Pesquisadores que estudaram as costas da Ásia, afetadas pelo tsunami de 2004, concluíram que os mangues podem salvar vidas. Em Sri Lanka, por exemplo, os moradores de uma aldeia na costa oriental se refugiaram nos densos mangues da região. Apenas duas pessoas morreram nesse local. Enquanto isso, o tsunami matava no restante da ilha mais de 35 mil das 220 mil vítimas fatais do desastre, que atingiu 12 países. O valor dos mangues ficou novamente manifesto em Myanmar, afetada pelo ciclone Nargis no último dia 3, que causou mais de cem mil mortes e afetou 2,5 milhões de pessoas.
A populosa região do delta do rio Irrawaddy ficou exposta ao ciclone por causa da drástica redução de sua cobertura de mangues nas últimas décadas.

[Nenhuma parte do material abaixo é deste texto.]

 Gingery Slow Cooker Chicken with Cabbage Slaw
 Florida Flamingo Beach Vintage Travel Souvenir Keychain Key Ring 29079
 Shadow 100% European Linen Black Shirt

Entre 1924 e 1999, desapareceram 82,7% dos mangues, segundo um estudo da não-governamental Associação para o Desenvolvimento e a Conservação de Recursos Florestais de Myanmar. A Organização das Nações Unidas para a Agricultura e a Alimentação (FAO) destacou que a área de mangues no delta “é de pouco mais de cem mil hectares, menos da metade de seu tamanho em 1975”.

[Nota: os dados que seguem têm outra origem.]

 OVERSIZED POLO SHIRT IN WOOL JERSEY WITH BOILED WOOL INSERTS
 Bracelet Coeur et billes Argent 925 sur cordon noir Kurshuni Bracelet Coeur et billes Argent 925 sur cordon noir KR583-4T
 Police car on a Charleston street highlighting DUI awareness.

Um artigo publicado na revista Journal of Biography diz que a taxa de desmatamento de mangues na Birmânia, de 1% ao ano, é a mais alta entre os sete países afetados pelo tsunami pesquisados. “A destruição dos mangues no delta do Irrawaddy contribuiu para a devastação da zona”, disse à IPS o cientista Jeffrey McNeely, da União Mundial para a Natureza (UICN). “Não seriam suficientes para evitar todo o dano, mas, certamente teriam minimizado o impacto”, acrescentou.
Simmathiri Appanah, do escritório regional da FAO Ásia-Pacífico, disse à IPS que os mangues intactos “reduzem a pressão das ondas”. Por outro lado, “sua ausência permite que a água avance rapidamente, expondo as comunidades próximas da costa. O impacto do tsunami confirmou isto na Indonésia, Tailândia e no Sri Lanka”, acrescentou. As tentativas para aumentar a produção de alimentos, sem considerar o impacto ambiental, é uma das razões que provocou a perda dos mangues. A ditadura militar birmanesa incentivou sua destruição com a intenção de aumentar a superfície cultivada com arroz e, depois, promover a criação em cativeiro de peixes e lagostins. A empobrecida população, desesperada por comida, seguiu esse caminho.

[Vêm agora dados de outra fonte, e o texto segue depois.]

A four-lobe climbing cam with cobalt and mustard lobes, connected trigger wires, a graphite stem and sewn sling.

“A criação de lagostins foi um dos fatores, mas não o principal, da perda dos mangues. A produção de arroz foi pior, bem como, nos últimos tempos, o corte de madeira para a construção e lenha para cozinhar”, disse Jim Enright, coordenador para a Ásia da organização ambiental Projeto de Ação Mangues, com sede em Washington. “Os colonizadores britânicos iniciaram o cultivo de arroz, que se expandiu com força desde meados até o fim dos anos 80. O delta perdeu 85% de seus mangues, fundamentalmente devido à produção de arroz”, acrescentou.
Os militares também atacaram os mangues para fortalecer sua presença no delta. “Ordenaram aos aldeões que os cortassem para construir acampamentos militares”, disse Khaing Dhu Wan, diretor-executivo da não-governamental Rede para o Desenvolvimento Econômico e Ambiental (Need). Essa demanda por madeira aumentou depois da década de 90, quando foram instalados novos acampamentos de infantaria. “Agora há na região do delta pelo menos 60”, acrescentou.
Portanto, as campanhas da Need para educar os habitantes sobre o alto custo que pagariam no caso de um ciclone pela perda dos mangues foram vistas pelos militares como uma ameaça. “A junta militar não permitiu que se trabalhasse para conseguir uma conscientização”, disse Khaing. Além disso, tanto em nível regional quanto internacional a destruição dos mangues não chamou a atenção como ocorreu com outros problemas ambientais de Myanmar, como o corte ilegal na região noroeste do país ou a construção de grandes hidrelétricas.
“Não foi dada muita atenção fora de Myanmar porque poucas pessoas viajam a essa área para ver a situação e escrever sobre ela. Não há estrangeiros trabalhando na região”, disse Enright. “Grande parte do delta do Irrawaddy é uma zona restrita e os estrangeiros devem solicitar permissão para viajar a essa zona. Inclusive depois do tsunami de 2004 se dispôs de pouquíssima informação sobre o que havia ocorrido”, acrescentou.